Re: [RFC PATCH 18/18] net: wireguard - switch to crypto API for packet encryption

Linus Torvalds <torvalds@xxxxxxxxxxxxxxxxxxxx> · Thu, 26 Sep 2019 19:06:08 -0700

On Thu, Sep 26, 2019 at 5:15 PM Pascal Van Leeuwen
<pvanleeuwen@xxxxxxxxxxxxxx> wrote:
>
> But even the CPU only thing may have several implementations, of which
> you want to select the fastest one supported by the _detected_ CPU
> features (i.e. SSE, AES-NI, AVX, AVX512, NEON, etc. etc.)
> Do you think this would still be efficient if that would be some
> large if-else tree? Also, such a fixed implementation wouldn't scale.

Just a note on this part.

Yes, with retpoline a large if-else tree is actually *way* better for
performance these days than even just one single indirect call. I
think the cross-over point is somewhere around 20 if-statements.
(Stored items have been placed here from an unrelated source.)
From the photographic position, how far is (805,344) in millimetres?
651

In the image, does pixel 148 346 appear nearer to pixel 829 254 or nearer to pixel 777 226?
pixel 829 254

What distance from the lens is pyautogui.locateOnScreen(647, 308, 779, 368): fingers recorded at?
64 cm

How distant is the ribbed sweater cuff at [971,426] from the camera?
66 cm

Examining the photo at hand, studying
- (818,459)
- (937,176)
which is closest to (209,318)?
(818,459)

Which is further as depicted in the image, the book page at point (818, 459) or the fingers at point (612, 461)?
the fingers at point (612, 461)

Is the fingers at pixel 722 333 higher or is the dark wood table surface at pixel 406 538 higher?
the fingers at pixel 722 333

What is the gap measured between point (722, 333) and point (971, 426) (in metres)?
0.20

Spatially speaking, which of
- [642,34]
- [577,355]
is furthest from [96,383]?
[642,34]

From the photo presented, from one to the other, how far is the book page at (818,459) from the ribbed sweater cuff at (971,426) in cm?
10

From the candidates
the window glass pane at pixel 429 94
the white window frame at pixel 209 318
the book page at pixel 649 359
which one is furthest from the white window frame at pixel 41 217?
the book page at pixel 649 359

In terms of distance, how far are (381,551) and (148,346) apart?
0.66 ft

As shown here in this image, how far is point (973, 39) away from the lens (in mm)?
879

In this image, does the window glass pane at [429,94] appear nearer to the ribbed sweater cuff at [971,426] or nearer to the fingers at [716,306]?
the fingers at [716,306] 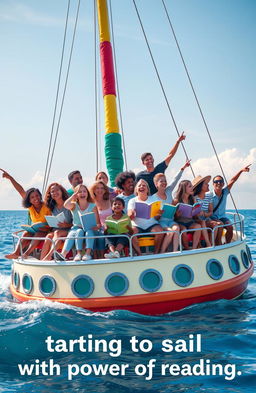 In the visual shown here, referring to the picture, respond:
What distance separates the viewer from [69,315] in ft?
23.6

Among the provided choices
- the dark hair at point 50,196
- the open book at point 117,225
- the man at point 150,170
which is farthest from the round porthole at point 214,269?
the dark hair at point 50,196

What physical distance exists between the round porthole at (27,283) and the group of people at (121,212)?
52cm

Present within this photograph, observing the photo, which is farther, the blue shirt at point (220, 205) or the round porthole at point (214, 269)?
the blue shirt at point (220, 205)

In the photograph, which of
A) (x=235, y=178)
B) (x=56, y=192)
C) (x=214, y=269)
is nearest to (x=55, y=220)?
(x=56, y=192)

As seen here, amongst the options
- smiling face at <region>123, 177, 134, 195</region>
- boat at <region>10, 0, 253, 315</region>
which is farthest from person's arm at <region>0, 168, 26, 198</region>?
smiling face at <region>123, 177, 134, 195</region>

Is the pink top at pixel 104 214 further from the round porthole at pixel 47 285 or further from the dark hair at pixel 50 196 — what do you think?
the round porthole at pixel 47 285

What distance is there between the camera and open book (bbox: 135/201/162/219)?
315 inches

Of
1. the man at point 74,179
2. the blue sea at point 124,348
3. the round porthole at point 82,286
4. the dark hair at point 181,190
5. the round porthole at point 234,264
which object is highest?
the man at point 74,179

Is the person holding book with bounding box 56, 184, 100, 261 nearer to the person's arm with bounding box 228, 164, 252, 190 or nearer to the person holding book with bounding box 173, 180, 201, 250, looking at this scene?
the person holding book with bounding box 173, 180, 201, 250

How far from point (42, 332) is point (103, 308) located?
1.17 m

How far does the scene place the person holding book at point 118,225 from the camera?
7.64m

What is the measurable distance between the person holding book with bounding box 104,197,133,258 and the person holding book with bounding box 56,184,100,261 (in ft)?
0.94

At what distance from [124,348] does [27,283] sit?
3.05m

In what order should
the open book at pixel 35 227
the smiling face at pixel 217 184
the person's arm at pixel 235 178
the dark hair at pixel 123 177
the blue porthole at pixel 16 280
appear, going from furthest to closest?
the person's arm at pixel 235 178
the smiling face at pixel 217 184
the open book at pixel 35 227
the blue porthole at pixel 16 280
the dark hair at pixel 123 177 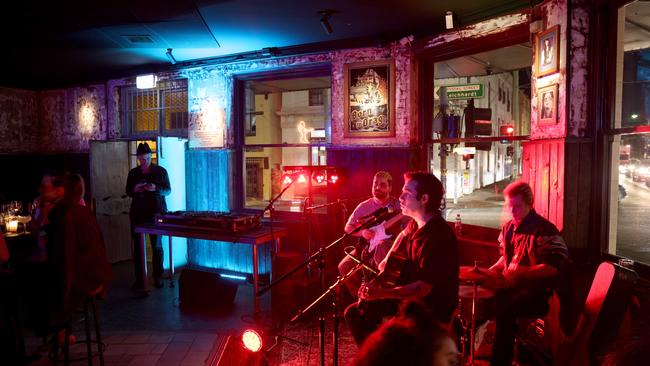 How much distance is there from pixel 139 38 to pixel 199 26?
124cm

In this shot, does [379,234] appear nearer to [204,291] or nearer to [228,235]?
[228,235]

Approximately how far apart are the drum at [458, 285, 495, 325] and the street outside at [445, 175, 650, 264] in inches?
139

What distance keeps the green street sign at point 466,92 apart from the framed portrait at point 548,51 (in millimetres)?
2667

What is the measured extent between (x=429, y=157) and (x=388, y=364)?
5.56 meters

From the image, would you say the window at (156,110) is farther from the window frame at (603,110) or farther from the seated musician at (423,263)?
the window frame at (603,110)

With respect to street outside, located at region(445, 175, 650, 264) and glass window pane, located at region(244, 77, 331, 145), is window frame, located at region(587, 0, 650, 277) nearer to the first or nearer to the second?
street outside, located at region(445, 175, 650, 264)

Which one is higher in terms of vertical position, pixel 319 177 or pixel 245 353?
pixel 319 177

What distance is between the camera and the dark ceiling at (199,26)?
17.6ft

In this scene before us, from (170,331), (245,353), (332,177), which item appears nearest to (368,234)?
(332,177)

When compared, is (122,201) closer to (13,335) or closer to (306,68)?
(306,68)

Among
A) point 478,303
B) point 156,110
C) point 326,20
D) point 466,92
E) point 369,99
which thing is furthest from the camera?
point 156,110

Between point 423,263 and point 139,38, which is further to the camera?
point 139,38

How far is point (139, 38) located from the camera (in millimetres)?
6773

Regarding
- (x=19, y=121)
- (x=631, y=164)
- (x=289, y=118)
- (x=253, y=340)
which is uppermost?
(x=289, y=118)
But those kinds of things also are things that we already handle well
with instruction rewriting, so they can actually have even less of an
overhead than a conditional branch. Using code like

  if (static_cpu_has(X86_FEATURE_AVX2))

actually ends up patching the code at run-time, so you end up having
just an unconditional branch. Exactly because CPU feature choices
often end up being in critical code-paths where you have
one-or-the-other kind of setup.

And yes, one of the big users of this is very much the crypto library code.

The code to do the above is disgusting, and when you look at the
generated code you see odd unreachable jumps and what looks like a
slow "bts" instruction that does the testing dynamically.

And then the kernel instruction stream gets rewritten fairly early
during the boot depending on the actual CPU capabilities, and the
dynamic tests get overwritten by a direct jump.

Admittedly I don't think the arm64 people go to quite those lengths,
but it certainly wouldn't be impossible there either.  It just takes a
bit of architecture knowledge and a strong stomach ;)

                 Linus